## Exercise prompt
Take the line with "高效组织构建秘诀揭晓,七项组织生活制度深度落实之道" as the first and the last line of the data as the end. Write out both and every line between exactly, except pictures.

## Dataset entries
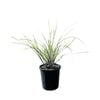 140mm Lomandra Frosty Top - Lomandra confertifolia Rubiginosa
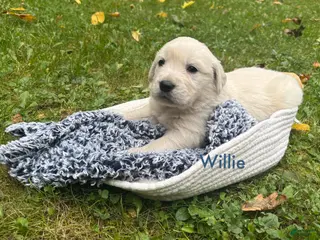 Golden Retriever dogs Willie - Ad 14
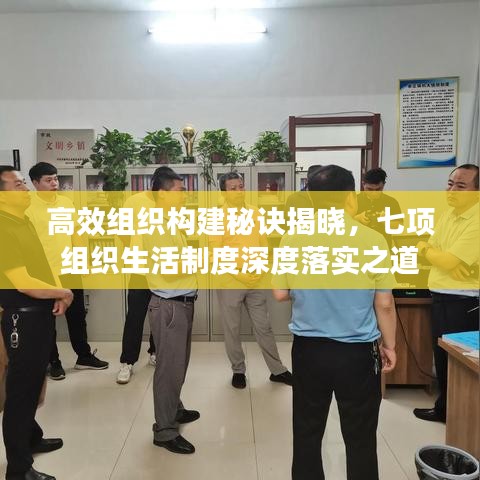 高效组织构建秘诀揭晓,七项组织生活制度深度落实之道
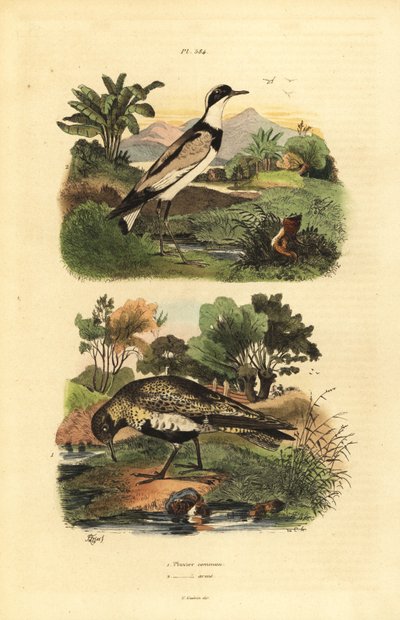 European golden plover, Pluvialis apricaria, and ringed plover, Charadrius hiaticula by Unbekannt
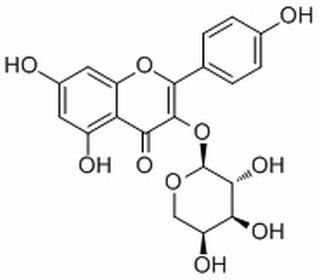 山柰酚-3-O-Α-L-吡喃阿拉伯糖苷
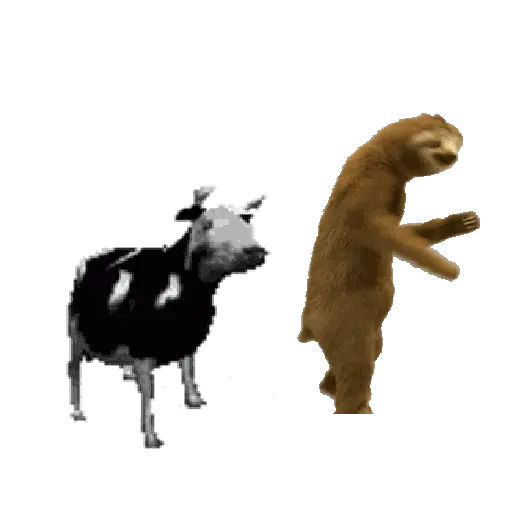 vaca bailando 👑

## Written reply
 高效组织构建秘诀揭晓,七项组织生活制度深度落实之道
 European golden plover, Pluvialis apricaria, and ringed plover, Charadrius hiaticula by Unbekannt
 山柰酚-3-O-Α-L-吡喃阿拉伯糖苷
 vaca bailando 👑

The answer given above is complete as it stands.